§ **Work instructions**:
Select all lines in the records that include "xDrive".

§ **Data section**:

◆ ◆ ◆

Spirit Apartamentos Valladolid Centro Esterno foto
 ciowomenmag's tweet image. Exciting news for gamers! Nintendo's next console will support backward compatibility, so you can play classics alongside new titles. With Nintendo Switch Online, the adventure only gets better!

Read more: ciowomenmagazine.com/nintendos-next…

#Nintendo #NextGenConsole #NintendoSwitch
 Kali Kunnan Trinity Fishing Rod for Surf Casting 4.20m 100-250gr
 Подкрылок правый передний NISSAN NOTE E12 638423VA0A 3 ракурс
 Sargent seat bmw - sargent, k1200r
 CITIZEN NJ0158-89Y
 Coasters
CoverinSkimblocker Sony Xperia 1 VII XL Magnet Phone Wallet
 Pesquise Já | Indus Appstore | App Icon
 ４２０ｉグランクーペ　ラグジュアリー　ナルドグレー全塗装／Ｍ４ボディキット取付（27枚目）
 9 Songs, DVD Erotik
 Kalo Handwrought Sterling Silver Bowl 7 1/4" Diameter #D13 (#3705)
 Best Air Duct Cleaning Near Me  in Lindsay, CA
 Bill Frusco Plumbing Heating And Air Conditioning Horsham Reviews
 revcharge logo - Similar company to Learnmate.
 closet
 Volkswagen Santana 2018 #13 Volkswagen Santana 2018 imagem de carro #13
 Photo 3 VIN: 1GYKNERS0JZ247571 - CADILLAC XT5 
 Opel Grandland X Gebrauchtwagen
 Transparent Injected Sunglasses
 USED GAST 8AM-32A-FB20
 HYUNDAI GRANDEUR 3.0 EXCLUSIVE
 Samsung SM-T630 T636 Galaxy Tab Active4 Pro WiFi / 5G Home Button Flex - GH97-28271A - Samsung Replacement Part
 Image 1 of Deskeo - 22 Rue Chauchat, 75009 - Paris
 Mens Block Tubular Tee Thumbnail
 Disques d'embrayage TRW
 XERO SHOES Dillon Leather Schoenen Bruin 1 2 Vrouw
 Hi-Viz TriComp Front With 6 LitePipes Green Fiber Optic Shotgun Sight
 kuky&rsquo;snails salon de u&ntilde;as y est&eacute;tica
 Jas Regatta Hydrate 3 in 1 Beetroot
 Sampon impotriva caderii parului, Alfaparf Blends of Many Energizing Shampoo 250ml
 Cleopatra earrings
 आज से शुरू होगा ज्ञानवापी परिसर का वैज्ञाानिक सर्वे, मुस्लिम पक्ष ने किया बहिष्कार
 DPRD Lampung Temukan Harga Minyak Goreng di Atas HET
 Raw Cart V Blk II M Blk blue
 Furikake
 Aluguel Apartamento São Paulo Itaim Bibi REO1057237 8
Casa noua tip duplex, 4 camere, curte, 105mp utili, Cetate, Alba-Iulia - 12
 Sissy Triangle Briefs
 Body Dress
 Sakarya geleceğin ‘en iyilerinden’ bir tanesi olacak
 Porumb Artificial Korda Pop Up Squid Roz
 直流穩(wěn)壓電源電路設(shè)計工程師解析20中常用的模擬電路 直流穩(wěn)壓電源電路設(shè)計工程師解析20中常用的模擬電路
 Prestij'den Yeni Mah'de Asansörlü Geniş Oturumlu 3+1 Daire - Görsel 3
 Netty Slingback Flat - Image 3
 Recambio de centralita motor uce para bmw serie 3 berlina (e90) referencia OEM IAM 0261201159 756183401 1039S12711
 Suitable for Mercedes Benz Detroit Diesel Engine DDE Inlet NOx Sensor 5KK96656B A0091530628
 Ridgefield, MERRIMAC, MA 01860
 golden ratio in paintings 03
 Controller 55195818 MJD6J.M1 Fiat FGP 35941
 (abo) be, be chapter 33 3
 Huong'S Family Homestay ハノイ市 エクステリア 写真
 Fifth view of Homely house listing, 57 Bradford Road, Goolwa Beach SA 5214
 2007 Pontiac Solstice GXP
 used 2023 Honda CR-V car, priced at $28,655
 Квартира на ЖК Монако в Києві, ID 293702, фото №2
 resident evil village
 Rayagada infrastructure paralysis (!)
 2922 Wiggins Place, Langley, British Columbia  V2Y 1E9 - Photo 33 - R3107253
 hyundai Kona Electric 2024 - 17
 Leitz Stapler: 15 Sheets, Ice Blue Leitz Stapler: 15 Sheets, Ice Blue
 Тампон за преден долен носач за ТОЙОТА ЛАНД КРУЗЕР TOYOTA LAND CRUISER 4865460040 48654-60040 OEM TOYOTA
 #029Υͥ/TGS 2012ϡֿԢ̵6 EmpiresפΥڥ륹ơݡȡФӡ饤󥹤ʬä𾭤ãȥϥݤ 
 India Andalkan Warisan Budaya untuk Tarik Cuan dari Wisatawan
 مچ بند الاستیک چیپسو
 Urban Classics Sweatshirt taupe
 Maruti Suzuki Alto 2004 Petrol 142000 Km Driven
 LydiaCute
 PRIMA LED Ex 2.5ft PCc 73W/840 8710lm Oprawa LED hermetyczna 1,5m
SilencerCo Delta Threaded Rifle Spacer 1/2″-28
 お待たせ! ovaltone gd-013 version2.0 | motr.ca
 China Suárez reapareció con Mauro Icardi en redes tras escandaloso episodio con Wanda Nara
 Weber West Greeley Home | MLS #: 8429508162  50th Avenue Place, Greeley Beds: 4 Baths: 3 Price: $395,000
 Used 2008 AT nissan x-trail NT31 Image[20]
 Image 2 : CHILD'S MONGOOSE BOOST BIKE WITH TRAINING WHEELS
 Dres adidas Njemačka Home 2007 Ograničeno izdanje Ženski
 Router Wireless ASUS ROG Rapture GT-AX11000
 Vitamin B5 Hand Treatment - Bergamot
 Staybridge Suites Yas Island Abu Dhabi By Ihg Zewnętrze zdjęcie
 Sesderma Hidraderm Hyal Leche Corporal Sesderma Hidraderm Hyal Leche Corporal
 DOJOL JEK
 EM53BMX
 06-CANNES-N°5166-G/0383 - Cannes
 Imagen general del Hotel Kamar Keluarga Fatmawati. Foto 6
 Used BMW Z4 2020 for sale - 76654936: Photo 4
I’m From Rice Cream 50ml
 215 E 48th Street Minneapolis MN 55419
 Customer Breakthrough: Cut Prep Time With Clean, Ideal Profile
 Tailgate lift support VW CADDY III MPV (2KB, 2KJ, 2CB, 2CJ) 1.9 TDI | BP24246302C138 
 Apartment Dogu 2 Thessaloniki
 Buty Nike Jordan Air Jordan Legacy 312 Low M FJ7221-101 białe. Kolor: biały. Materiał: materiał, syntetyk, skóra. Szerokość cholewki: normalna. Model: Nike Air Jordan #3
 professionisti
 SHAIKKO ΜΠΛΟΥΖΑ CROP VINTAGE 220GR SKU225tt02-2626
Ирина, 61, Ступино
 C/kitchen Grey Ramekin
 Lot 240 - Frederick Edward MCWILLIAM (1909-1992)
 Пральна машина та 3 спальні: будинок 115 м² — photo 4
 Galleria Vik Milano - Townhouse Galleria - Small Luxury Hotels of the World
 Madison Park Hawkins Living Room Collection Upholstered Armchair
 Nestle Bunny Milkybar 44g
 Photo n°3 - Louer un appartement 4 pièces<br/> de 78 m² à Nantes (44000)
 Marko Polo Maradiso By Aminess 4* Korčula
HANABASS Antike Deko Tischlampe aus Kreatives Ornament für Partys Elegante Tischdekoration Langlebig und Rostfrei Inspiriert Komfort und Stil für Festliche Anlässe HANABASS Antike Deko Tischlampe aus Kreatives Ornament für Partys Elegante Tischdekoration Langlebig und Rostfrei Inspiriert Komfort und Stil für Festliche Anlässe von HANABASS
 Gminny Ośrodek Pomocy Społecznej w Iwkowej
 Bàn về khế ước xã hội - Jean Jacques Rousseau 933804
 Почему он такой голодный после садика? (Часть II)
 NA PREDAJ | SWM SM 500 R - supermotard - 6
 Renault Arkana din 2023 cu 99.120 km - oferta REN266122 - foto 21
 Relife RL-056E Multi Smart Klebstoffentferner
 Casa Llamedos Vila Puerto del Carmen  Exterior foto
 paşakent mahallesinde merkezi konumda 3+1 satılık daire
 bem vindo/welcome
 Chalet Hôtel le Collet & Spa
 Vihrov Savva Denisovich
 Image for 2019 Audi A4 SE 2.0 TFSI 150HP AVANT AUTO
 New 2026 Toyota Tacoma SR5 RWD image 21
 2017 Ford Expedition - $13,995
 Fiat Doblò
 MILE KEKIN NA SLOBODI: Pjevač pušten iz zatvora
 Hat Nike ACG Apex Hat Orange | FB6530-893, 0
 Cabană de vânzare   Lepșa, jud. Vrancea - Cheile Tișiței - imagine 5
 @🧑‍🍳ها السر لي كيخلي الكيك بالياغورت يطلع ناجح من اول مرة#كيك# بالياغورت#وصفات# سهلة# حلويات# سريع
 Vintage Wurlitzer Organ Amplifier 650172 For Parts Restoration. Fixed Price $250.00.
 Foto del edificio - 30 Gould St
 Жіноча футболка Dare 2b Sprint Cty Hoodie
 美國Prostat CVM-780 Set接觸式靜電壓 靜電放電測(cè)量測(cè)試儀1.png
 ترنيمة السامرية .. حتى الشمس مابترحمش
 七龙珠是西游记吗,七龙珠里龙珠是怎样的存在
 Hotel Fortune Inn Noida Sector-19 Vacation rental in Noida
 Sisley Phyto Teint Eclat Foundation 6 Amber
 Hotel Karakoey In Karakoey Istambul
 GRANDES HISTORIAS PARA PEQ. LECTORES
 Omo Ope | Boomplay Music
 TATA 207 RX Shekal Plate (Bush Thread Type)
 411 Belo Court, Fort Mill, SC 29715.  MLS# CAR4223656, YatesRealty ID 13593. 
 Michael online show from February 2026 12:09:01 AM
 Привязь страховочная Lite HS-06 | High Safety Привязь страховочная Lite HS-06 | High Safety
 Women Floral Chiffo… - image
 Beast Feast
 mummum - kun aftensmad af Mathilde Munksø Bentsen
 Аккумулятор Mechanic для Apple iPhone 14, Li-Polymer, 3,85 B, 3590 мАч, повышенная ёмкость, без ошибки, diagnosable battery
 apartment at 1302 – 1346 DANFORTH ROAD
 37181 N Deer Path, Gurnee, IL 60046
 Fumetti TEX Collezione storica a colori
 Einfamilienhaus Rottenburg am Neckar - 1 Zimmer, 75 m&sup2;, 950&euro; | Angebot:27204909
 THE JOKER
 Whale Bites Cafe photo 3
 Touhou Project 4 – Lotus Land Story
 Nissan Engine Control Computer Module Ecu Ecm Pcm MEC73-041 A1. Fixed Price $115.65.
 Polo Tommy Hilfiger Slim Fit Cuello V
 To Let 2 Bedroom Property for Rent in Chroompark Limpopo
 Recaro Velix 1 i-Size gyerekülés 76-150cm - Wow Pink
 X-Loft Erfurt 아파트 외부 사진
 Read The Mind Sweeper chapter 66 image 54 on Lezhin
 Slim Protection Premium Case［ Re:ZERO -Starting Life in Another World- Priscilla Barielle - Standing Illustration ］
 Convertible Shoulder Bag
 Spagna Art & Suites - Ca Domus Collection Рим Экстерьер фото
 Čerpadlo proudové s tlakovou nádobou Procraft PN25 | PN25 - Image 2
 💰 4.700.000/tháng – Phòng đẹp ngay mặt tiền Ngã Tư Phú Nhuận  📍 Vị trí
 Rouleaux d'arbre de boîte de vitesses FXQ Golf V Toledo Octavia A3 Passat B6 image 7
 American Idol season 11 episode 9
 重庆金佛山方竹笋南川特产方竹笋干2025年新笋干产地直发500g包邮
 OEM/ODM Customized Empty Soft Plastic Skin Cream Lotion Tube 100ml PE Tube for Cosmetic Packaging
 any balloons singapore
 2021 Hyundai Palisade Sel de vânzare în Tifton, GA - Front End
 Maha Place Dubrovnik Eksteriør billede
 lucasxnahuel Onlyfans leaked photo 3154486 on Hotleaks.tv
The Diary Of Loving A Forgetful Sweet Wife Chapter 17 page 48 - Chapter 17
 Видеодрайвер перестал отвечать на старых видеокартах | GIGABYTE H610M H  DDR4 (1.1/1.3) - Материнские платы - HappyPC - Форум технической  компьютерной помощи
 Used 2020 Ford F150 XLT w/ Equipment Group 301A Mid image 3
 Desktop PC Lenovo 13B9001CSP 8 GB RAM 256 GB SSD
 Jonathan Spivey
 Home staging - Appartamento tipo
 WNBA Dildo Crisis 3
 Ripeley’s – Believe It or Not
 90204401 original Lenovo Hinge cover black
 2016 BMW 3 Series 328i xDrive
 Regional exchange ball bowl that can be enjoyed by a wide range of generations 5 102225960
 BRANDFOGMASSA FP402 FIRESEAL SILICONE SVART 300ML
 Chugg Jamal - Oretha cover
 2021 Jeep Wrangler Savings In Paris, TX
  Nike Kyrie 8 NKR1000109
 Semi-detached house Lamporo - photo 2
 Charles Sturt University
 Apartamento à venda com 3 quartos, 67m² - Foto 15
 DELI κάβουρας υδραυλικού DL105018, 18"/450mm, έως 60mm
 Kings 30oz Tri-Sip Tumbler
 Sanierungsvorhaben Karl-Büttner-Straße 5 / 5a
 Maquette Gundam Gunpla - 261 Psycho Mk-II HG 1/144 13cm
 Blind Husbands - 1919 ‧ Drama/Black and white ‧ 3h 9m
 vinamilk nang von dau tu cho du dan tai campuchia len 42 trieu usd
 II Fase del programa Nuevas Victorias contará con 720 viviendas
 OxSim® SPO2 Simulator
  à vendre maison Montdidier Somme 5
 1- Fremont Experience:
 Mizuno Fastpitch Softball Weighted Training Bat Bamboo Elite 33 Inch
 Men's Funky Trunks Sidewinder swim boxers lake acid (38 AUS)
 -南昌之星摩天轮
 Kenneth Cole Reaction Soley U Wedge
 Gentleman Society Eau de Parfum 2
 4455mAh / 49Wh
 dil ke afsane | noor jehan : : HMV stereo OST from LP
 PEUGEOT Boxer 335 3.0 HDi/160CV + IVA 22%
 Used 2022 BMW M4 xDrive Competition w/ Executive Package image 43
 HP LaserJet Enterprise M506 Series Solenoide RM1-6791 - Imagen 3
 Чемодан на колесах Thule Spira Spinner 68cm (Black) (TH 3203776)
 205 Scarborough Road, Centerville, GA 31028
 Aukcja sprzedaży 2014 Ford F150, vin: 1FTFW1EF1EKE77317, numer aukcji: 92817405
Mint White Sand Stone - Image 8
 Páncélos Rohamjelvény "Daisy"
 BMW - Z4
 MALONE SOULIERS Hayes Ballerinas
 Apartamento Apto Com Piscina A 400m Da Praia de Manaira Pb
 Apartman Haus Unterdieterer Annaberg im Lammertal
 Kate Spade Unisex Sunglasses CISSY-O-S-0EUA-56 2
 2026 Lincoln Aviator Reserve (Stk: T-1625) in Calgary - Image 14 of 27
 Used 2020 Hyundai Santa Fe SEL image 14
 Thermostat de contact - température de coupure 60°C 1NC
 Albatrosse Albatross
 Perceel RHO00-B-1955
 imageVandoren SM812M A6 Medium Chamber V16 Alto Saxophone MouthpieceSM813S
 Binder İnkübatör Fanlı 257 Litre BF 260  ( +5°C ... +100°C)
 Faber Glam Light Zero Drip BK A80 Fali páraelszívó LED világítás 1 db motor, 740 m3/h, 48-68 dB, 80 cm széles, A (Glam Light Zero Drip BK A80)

◆ ◆ ◆

§ **Response below**:
 2016 BMW 3 Series 328i xDrive
 Used 2022 BMW M4 xDrive Competition w/ Executive Package image 43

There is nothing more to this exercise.